■ **What is required**:
Word for word, transcribe the data below from the line with "Used 2022 GMC Sierra 1500 Elevation image 7" to the line with "Приставы в Екатеринбурге", keeping both of those lines.

■ **Data extract**:
*** Block opens ***
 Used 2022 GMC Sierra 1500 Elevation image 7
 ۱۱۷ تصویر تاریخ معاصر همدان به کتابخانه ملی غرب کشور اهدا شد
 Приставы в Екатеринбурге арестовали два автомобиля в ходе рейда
*** Block closes ***
*** Block opens ***
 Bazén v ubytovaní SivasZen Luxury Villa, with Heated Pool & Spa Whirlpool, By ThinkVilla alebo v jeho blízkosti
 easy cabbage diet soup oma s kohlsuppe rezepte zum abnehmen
*** Block closes ***
■ **Exercise solution**:
 Used 2022 GMC Sierra 1500 Elevation image 7
 ۱۱۷ تصویر تاریخ معاصر همدان به کتابخانه ملی غرب کشور اهدا شد
 Приставы в Екатеринбурге арестовали два автомобиля в ходе рейда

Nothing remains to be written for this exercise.